In evaluating a motion for summary judgment, courts “may not make credibility determinations or weigh the evidence” and “must resolve all ambiguities and draw all permissible inferences in favor of the non-moving party.” Total E & P USA Inc. v. Kerr-McGee Oil and Gas Corp., 719 F.3d 424, 434 (5th Cir. 2013) (citations omitted). While courts will “resolve factual controversies in favor of the nonmoving party,” an actual controversy exists only “when both parties have submitted evidence of contradictory facts.” Little v. Liquid Air. Corp., 37 F.3d 1069, 1075 (5th Cir. 1994). To rebut a properly supported motion for summary judgment, the opposing party must show, with “significant probative evidence,” that a genuine issue of material fact exists. Hamilton v. Segue Software, Inc., 232 F.3d 473, 477 (5th Cir. 2000) (emphasis added). “‘If the evidence is merely colorable, or is not significantly probative,' summary judgment is appropriate.” Cutting Underwater Tech. USA, Inc. v. Eni U.S. Operating Co., 671 F.3d 512, 517 (5th Cir. 2012) (quoting Anderson, 477 U.S. at 248).
Relatedly, there can be no genuine dispute as to a material fact when a party fails “to make a showing sufficient to establish the existence of an element essential to that party's case, and on which that party will bear the burden of proof at trial.” Celotex Corp., 477 U.S. at 322-23. This is true “since a complete failure of proof concerning an essential element of the nonmoving party's case necessarily renders all other facts immaterial.” Id. at 323.
B. Analysis
In its Motion for Partial Summary Judgment, MWC argues the terms of the Warehouse Lease Agreement exclude Ridgecrest's claim for lost profits. In support of its argument, MWC cites the following language:
[Doc. No. 108]
[Doc. No. 108-3]
21 Indemnities
(c) In no event shall either Party be liable for any claim for any indirect, consequential, special, or punitive damages arising under or in connection with this Lease. Both Lessor and Lessee hereby expressly waive any and all claims for such damages.
[Id.]
In opposition, Ridgecrest argues that the heading of Section 21 is entitled “Indemnities,” which spells out the rights and obligations with regard to the indemnity provision between GPI and Graphic. Further, Ridgecrest argues that the applicable language does not limit Ridgecrest's recovery against GPI in regard to a breach of contract claim. GPI argues the language is ambiguous and there is a question of fact with regard the intent of the parties.
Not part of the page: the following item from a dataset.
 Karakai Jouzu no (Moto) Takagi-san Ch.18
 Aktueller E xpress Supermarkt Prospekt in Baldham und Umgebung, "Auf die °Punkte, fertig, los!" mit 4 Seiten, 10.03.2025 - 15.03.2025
In Louisiana, contracts have the effect of law between the parties. La. Civ. Code art. 1893. Interpretation of a contract is the determination of the common intent of the parties. When the words of a contract are clear and explicit, and lead to no absurd consequences, no further interpretation may be made in search of the parties' intent. La. Civ. Code art. 2045-2046.
It is well established that lost profits are special or consequential damages under Louisiana law. See Nick Farone Music Ministry v. City of Bastrop, 179 So.3d 629, 631 (La.App. 2 Cir. 2015); Breton Sound Oyster Co., LLC v. Stiel Ins. Co. of New Orleans, Inc., 299 So.3d 80, 89 (La.App. 4th Cir. 2018). Writ denied, 267 So.3d 616 (La. 2019).
This Court finds the terms of the contract are clear and explicit. The waiver includes “any claim for any indirect, consequential, special, or punitive damages arising under or in connection with this Lease.” This language cannot be interpreted to only include indemnity claims. The waiver covers all claims, including breach of contract claims.
Therefore, the specific wording of the Warehouse Lease Agreement excludes any claims for lost profits by Ridgecrest against GPI.
III. CONCLUSION
For the reasons set forth herein, IT IS ORDERED, ADJUDGED, AND DECREED that MWC's Motion for Partial Summary Judgment on the Issue of Damages [Doc. No. 108] is GRANTED.